- Task requirements -
For the material below, reproduce exactly each line from the one that has "Panoramic Elevator with" through the one that has "Flame of the", and no others; pictures stay out.

- Material for this task -
###

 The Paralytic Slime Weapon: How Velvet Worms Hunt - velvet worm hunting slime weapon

###

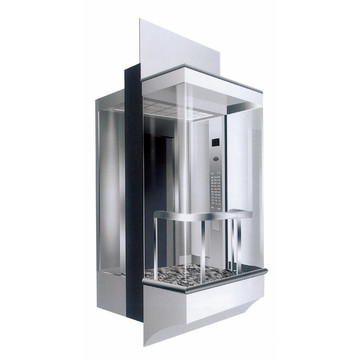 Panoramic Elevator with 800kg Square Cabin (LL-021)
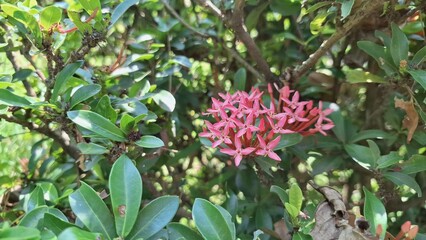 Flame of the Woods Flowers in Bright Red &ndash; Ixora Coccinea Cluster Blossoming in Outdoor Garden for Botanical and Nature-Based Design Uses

###

- Solution to this task -
 Panoramic Elevator with 800kg Square Cabin (LL-021)
 Flame of the Woods Flowers in Bright Red &ndash; Ixora Coccinea Cluster Blossoming in Outdoor Garden for Botanical and Nature-Based Design Uses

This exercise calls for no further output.